Looking at a Zeiss CMM
This is my first post in this forum so be gentle!
I have a line on a Zeiss MC 850 from around the mid 1980's there is little information on what software and versions it has. The monitors look ancient and the seller is not forthcoming with details. The overall appearance is clean and no glaring oops. The machine is powered up and I will have a chance to look at it in person for a brief period of time, what should I look for and how do I perform these tasks?
My experience with CMM date back 30 plus years to an old Cordax and it is all a brave new world for me with even and older machine as this.
I use an 80's era Leitz PMM that our company bought new. I've been using it since the early 90's so I can maybe give you a few pointers as to what to look at.

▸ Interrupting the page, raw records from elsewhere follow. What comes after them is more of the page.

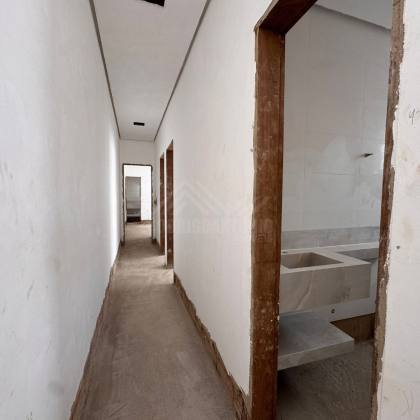 Casa em fase de acabamentos com 3 quartos 1 suítes no bairro Interlagos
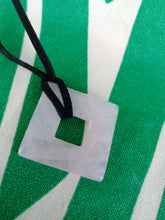 Cargar imagen en el visor de la galería, Colgante Rombo Cuarzo Rosa Mod. 2
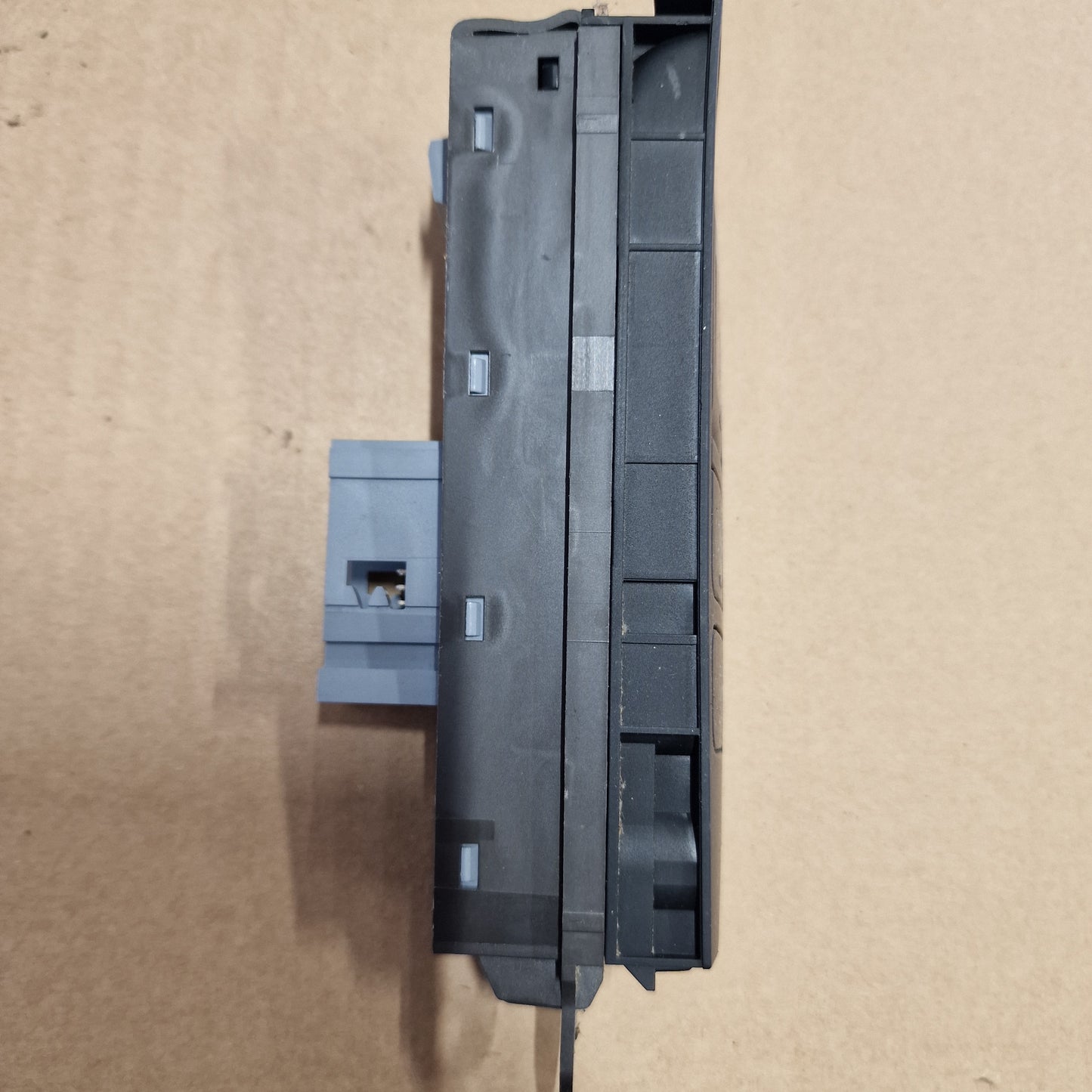 Pysäköintijarrun katkaisin, Volkswagen Passat B7 Variant 365 1.6 TDI diesel 2011, 3AB927137-0611-08S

I think my first question would be about the electronics. What era electronics does it have? Has it been upgraded at any point in its life? I would then place a call to Zeiss and find out if the parts for the electronics are still available. Our Leitz got to the point that electronic parts were not available anymore and we had to upgrade to the latest electronics ($120,000 +).
Also, what version software does it use? How old is the PC and will the current software will run on a modern era PC in case the current PC dies. I ran into that issue and we had to end up upgrading to the newest version software because we were told the older version software would not run on modern PC's.
Is it a Zeiss with the dedicated probe head or does it use a Renishaw articulating head? If Renishaw, I would find out if the probe head is obsolete so you don't get stuck with having to purchase a $15k + probe head right off the bat if the old one goes out.
I would also ask to see the history of the calibration on it. That should be available. If is not, that would be a red flag for me. We have all the calibration certs for our CMM all the way back to its original installation.
I hope this helps.
Thank you Ken,
The sale went off last Thursday and it sold to somebody for far more than my target price. I did find out that it had older software and was out of calibration one cycle due to the pending sale. It was a very nice machine but, at this point it would have been more eye candy than practical. That greatly affected the price I was willing to pay. The machine was in very nice condition overall and with the large work envelope it was and is a good size machine.
This was my first serious look at a CMM for our shop and I see there is much to learn about the hardware and software available. I have a number of things to complete before we search in earnest for a CMM.